=== Data to examine ===
■ ■ ■ ■
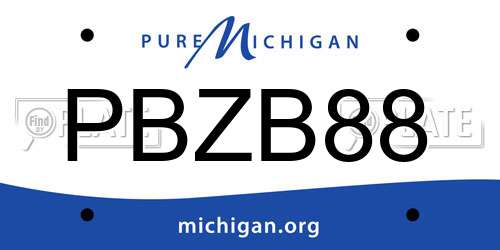 PBZB88 Michigan License Plate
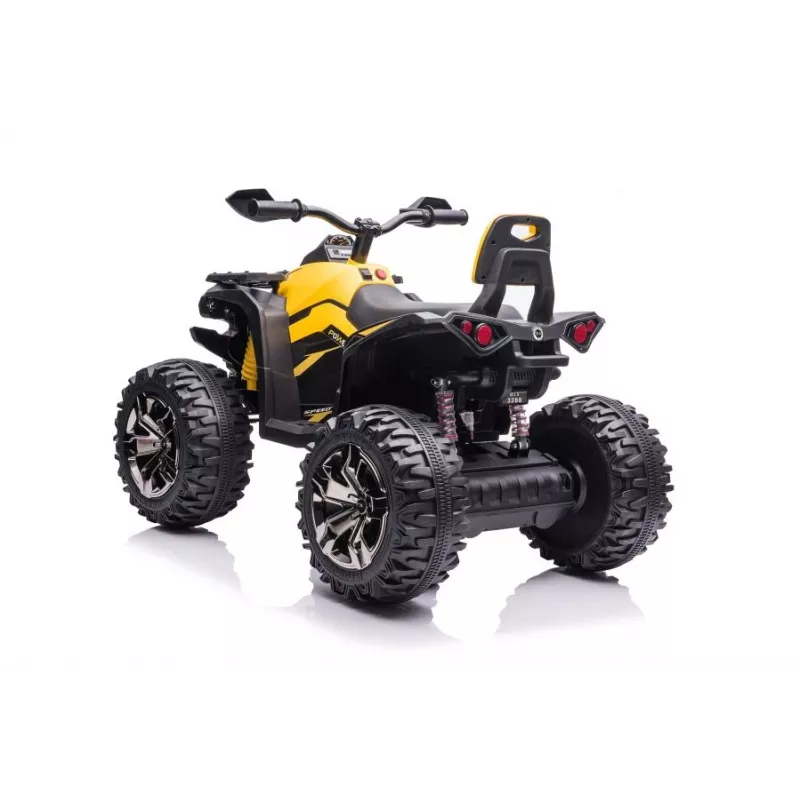 QLS-3288 Elektro-Quad zum Draufsetzen mit Rückenlehne, LED-Lichtern, MP3, Gelb
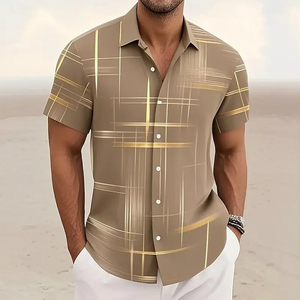 Camisa de hombre con estampado geométrico a cuadros, informal, a la moda, para vacaciones al aire libre, estilo urbano, camisa de manga corta con estampado 3D - Product Image 3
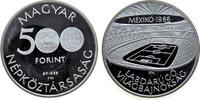 Ungarn 500 Forint Ag Fußball WM in Mexiko, Stadion, etwas angelaufen -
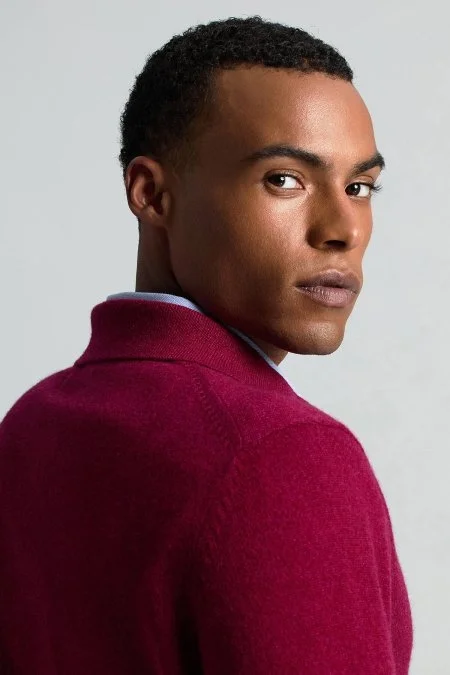 Polo Yaka Saf Kaşmir Fuşya Kazak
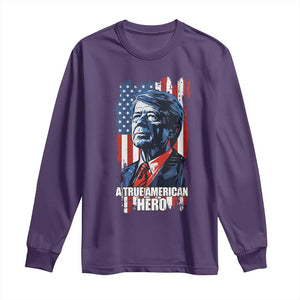 39th President Jimmy Carter Long Sleeve Shirt True American Hero US Flag Presidents' Day TS02 Purple Print Your Wear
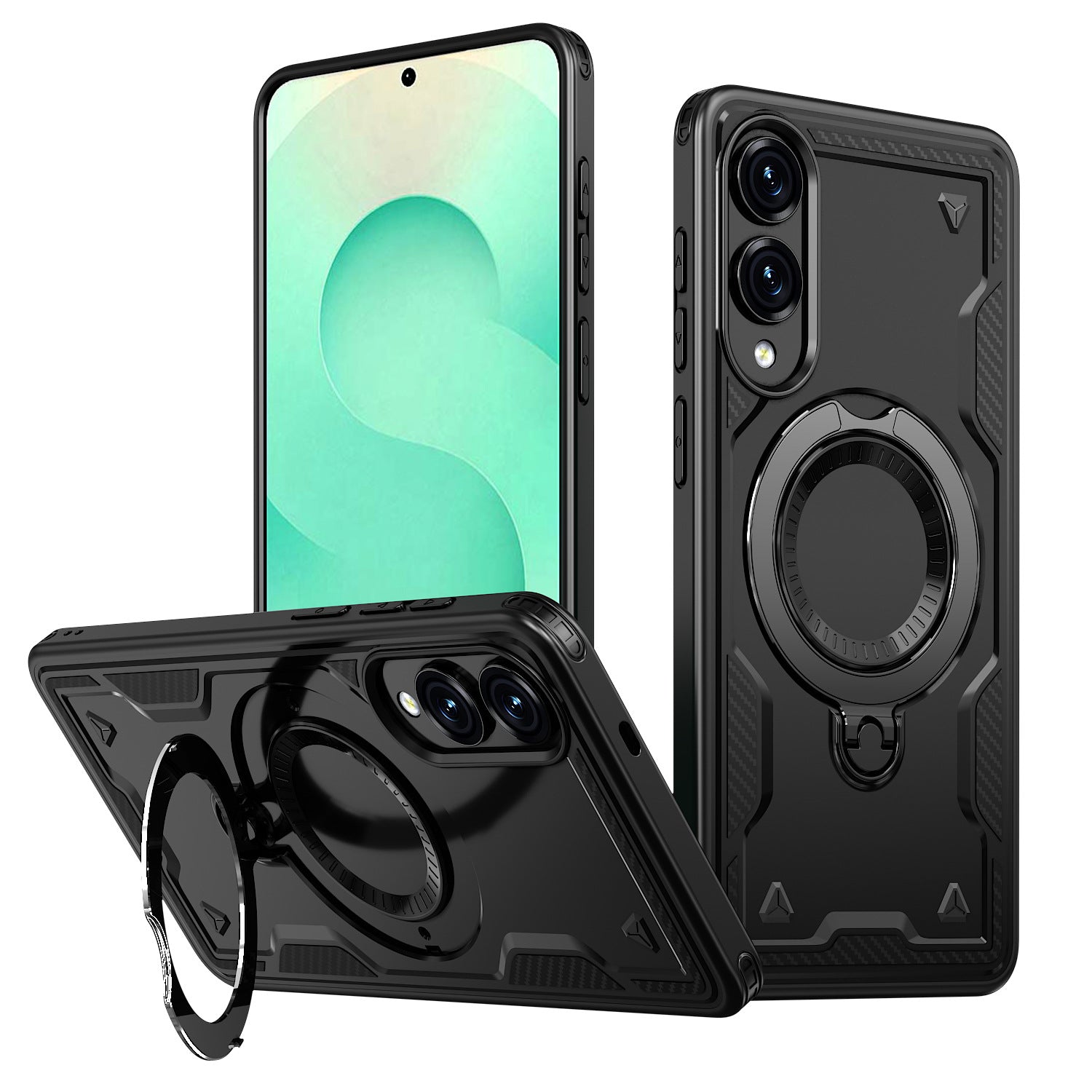 360¡ã Rotating Magnetic Versatile Stand Black Compatible with Samsung Galaxy S25 EDGE - Ultra-Slim & Reliable | CELL DEMAND Official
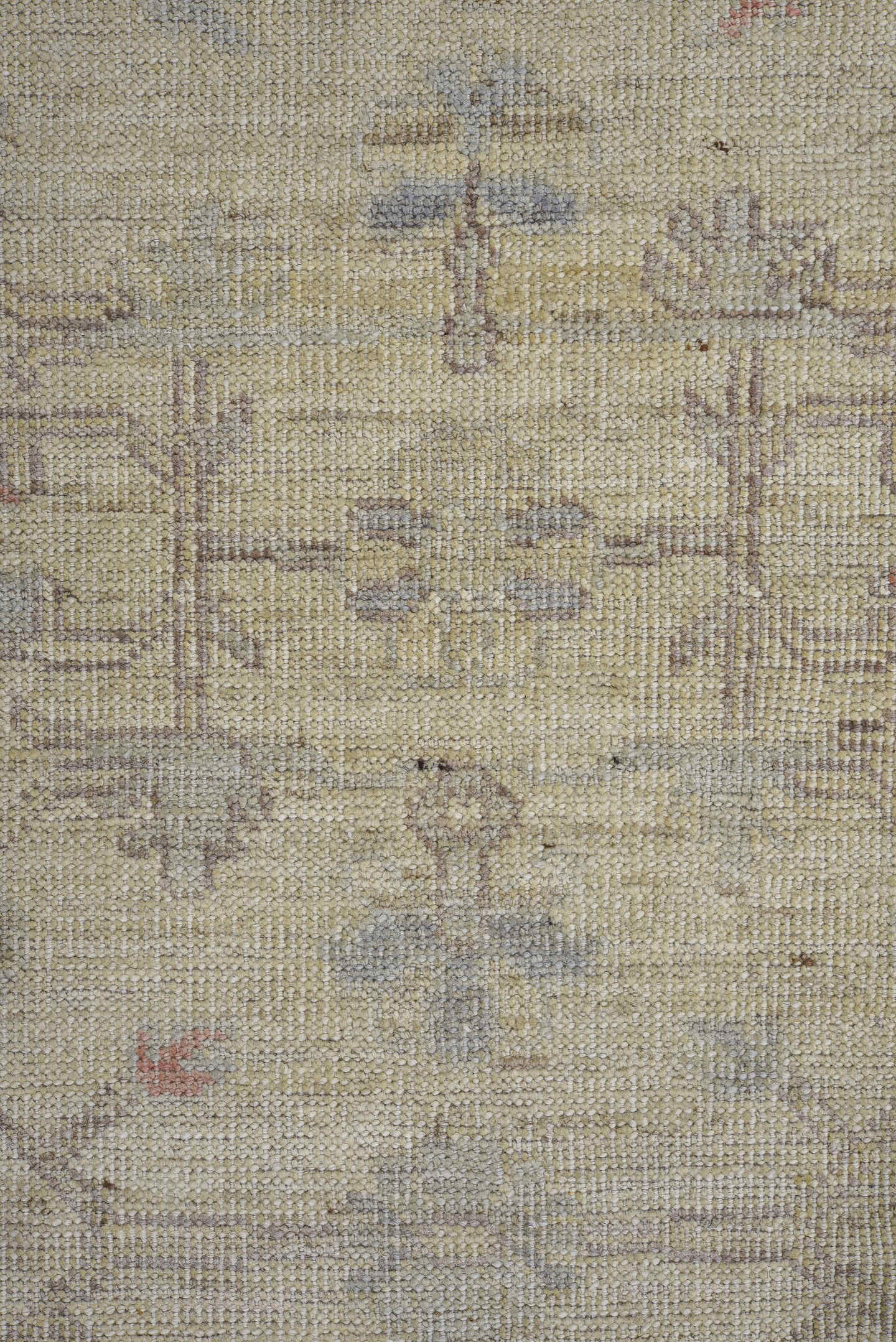 3' x 19' one-of-a-kind handmade vintage Oushak runner rug. Color palette: ivory, taupe, beige, soft blue, rust, gray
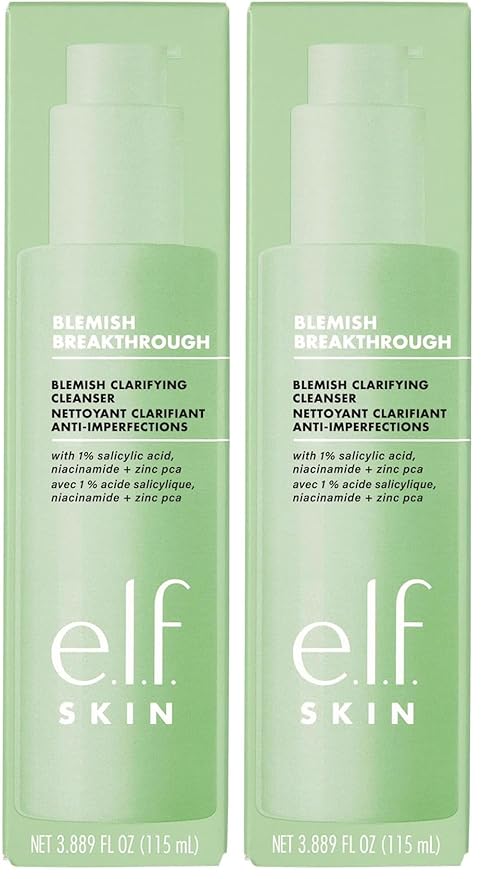 e.l.f. SKIN Blemish Breakthrough Clarifying Cleanser,Gel Cleanser For Removing Makeup,Controlling Oil & Clarifying Pores,1% Salicylic Acid,(Pack of 2)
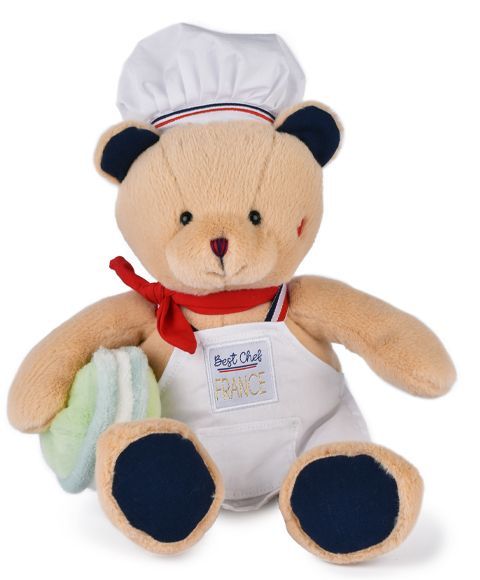 L'ours chef avec son macaron 28cm - Doudou et Cie L'ours chef avec son macaron 28cm - Doudou et Cie
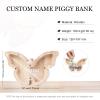 Nobelook Custom Wooden Piggy Bank Personalized Dinosaur Animal Engraved Name Coin Cash Box Christmas Birthday Funny Gift for Kids Adults Boys Girls (Butterfly) view 2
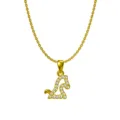 Élégant collier pendentif dragon du zodiaque en acier titane doré avec zircons - Cheval (N0093)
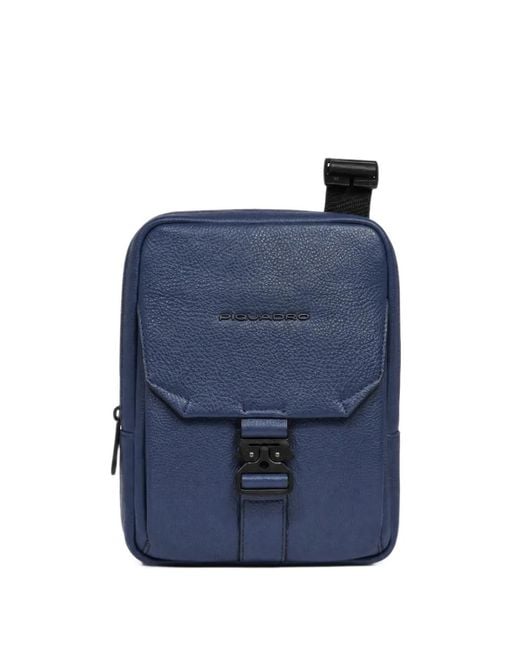 Piquadro Blue Buckle-Fastening Pebbled-Leather Bag for men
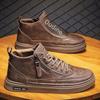 Men's High Top Casual Black Martin Boots for Spring and Autumn - Trendy All-Match Sports and Work Shoes.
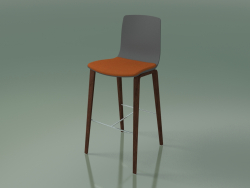 Sedia bar 3999 (4 gambe in legno, polipropilene, con cuscino sul sedile, noce)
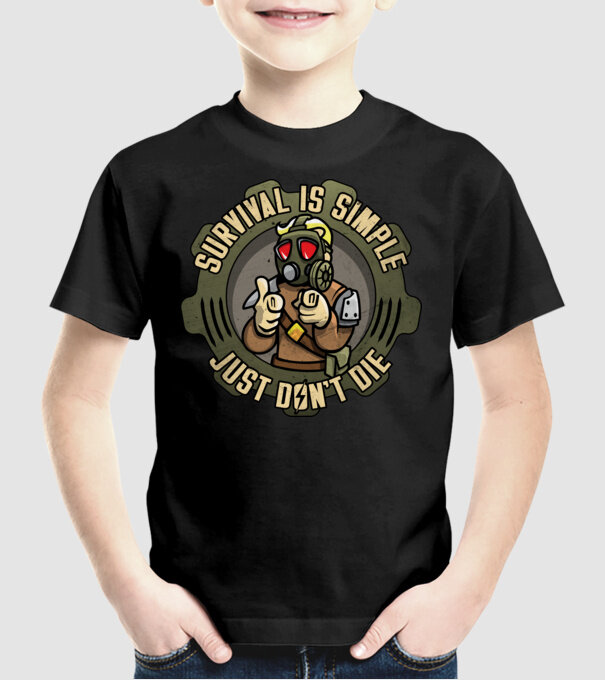 Survival model negru pe tricou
■ ■ ■ ■
=== What is required ===
Each line above has to be returned exactly. Drop the pictures.

=== Your response ===
 PBZB88 Michigan License Plate
 QLS-3288 Elektro-Quad zum Draufsetzen mit Rückenlehne, LED-Lichtern, MP3, Gelb
 Camisa de hombre con estampado geométrico a cuadros, informal, a la moda, para vacaciones al aire libre, estilo urbano, camisa de manga corta con estampado 3D - Product Image 3
 Ungarn 500 Forint Ag Fußball WM in Mexiko, Stadion, etwas angelaufen -
 Polo Yaka Saf Kaşmir Fuşya Kazak
 39th President Jimmy Carter Long Sleeve Shirt True American Hero US Flag Presidents' Day TS02 Purple Print Your Wear
 360¡ã Rotating Magnetic Versatile Stand Black Compatible with Samsung Galaxy S25 EDGE - Ultra-Slim & Reliable | CELL DEMAND Official
 3' x 19' one-of-a-kind handmade vintage Oushak runner rug. Color palette: ivory, taupe, beige, soft blue, rust, gray
 e.l.f. SKIN Blemish Breakthrough Clarifying Cleanser,Gel Cleanser For Removing Makeup,Controlling Oil & Clarifying Pores,1% Salicylic Acid,(Pack of 2)
 L'ours chef avec son macaron 28cm - Doudou et Cie L'ours chef avec son macaron 28cm - Doudou et Cie
 Nobelook Custom Wooden Piggy Bank Personalized Dinosaur Animal Engraved Name Coin Cash Box Christmas Birthday Funny Gift for Kids Adults Boys Girls (Butterfly) view 2
 Élégant collier pendentif dragon du zodiaque en acier titane doré avec zircons - Cheval (N0093)
 Piquadro Blue Buckle-Fastening Pebbled-Leather Bag for men
 Men's High Top Casual Black Martin Boots for Spring and Autumn - Trendy All-Match Sports and Work Shoes.
 Sedia bar 3999 (4 gambe in legno, polipropilene, con cuscino sul sedile, noce)
 Survival model negru pe tricou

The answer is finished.